他们是来找人的,不是来衙门办公的,因此也没有走前面,去了后门,找到看守后门的,孟方荀递上自己的案首拜访贴:“我们是你家姑爷的同窗,来找他问点事,可否代传一下。”
怕小厮不肯,许怀谦还塞了一钱银子给他。
不过小厮没收,收了孟方荀的拜帖,恭敬地说了一声:“稍等。”这就进去了。
见他没有为难,几人松了一口气,他们还怕段祐言是那种在县令府里一点人权都没有的那种人,他们上门来,会被赶出去的那种!
县令府后衙。
盛云锦看着丫鬟端回来的饭菜,有些失落地问:“还是不肯吃饭?”
“不肯。”丫鬟点了点头。
“那我再做个汤。”盛云锦想了想,转过身又去提了一只宰杀好的老母鸡,拿出瓦罐来,准备再煲个汤。

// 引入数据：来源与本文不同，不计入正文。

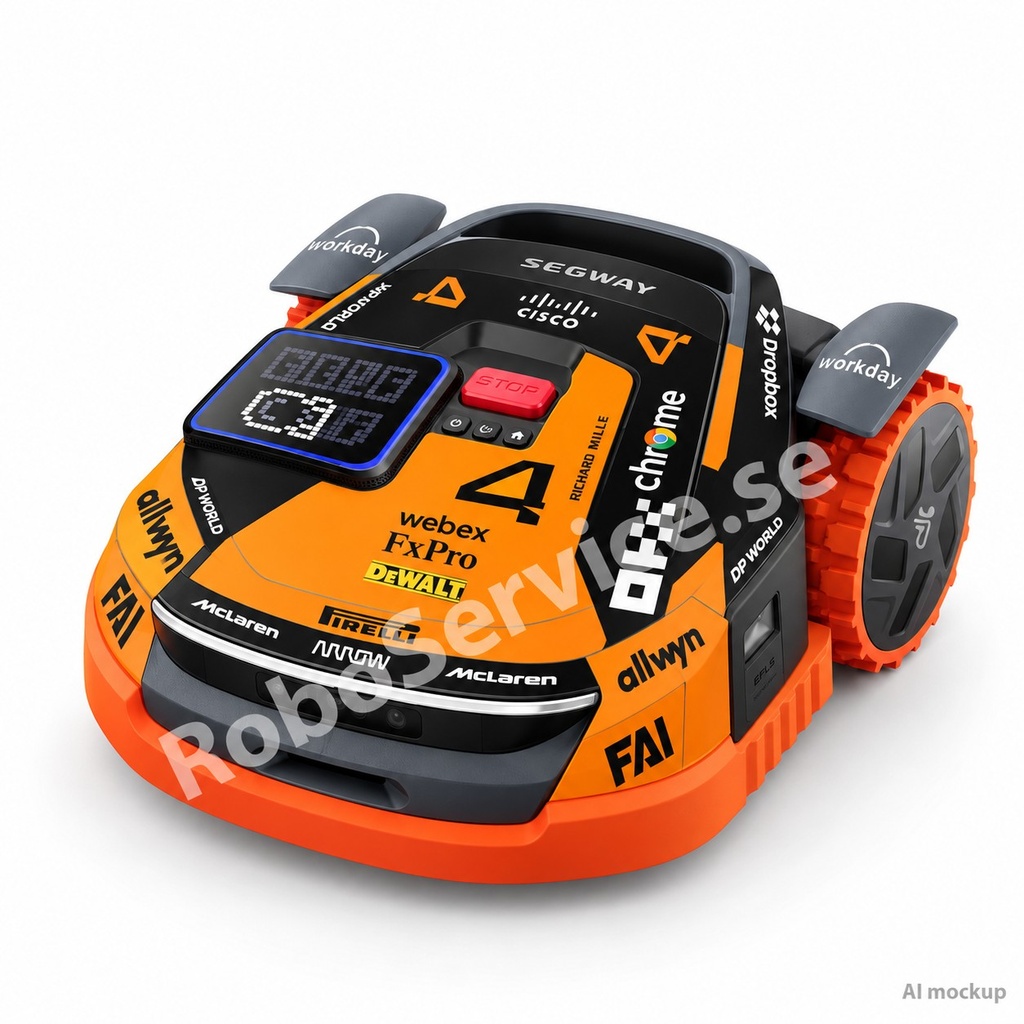 McLaren F1 (Norris) Edition – Decal for Segway Navimow X3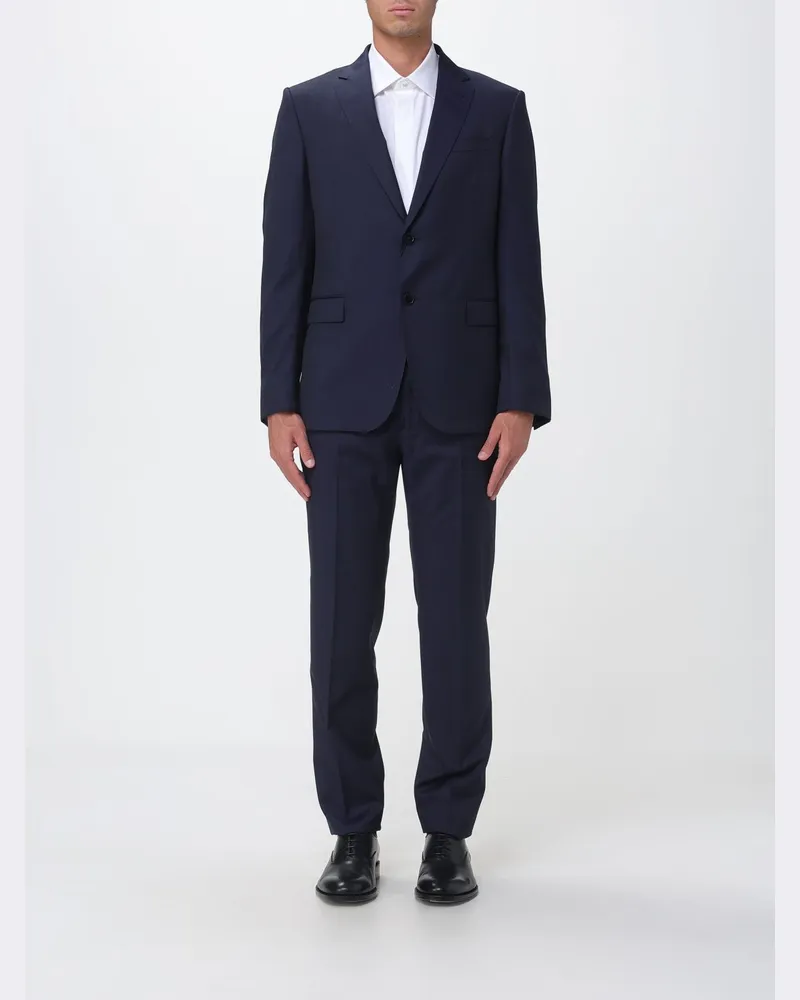 Ermenegildo Zegna Einreiher-Anzug aus Wolle mit Nadelstreifenmuster Navy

“少爷别做了。”丫鬟不忍心道,“做了姑爷也不想吃。”
“他不吃饿坏了身体怎么办。”盛云锦执拗地没答应,“我做点汤,他渴的时候喝一口,也能暖暖胃。”
丫鬟欲言又止,汤姑爷他也不想喝啊,他连水都不想喝,他想升天。
显然盛云锦也想到了这一点,转过身给老母鸡肚子里放药材的时候,眼泪不争气地直掉。
他不明白,事情为什么就弄成了这样子?从府城回来段祐言就一直不开心,一直不开心,无论他做什么他都不开心。
他明明都跟爹爹求好了,不考了,不考了,让他回他的医馆继续去当大夫了,他还是不开心。
甚至从让他回医馆去当大夫那天起,他连饭都不吃了,不论他每天做什么他都不吃。
盛云锦都不明白自己做错了什么,问他他什么也不说。
“哭哭哭,一天就知道哭。”盛致远来到厨房看到自家这个又在以泪洗面的哥儿,真是无语到了极致,“我当初就该将这个庸医抓起来打死他一了百了,省得他来这么霍霍我家。”
哥儿哥儿一天也不吃饭,陪着饿,还要负责给他吃食,夫人也为了这两个人郁郁寡欢,他倒好像个大爷一样,在屋里干坐着啥也不用干。
怎么就没把他给饿死呢。
早知如此,他心软个什么劲,直接等他给锦哥儿解完潮热出来打死算了,庸医害人!招他为婿,还招出个大爷来了。
“爹!你别说了!”盛云锦都快要难过死了,“要不是你当着他同窗说了那样一番话,他回来会这样吗?”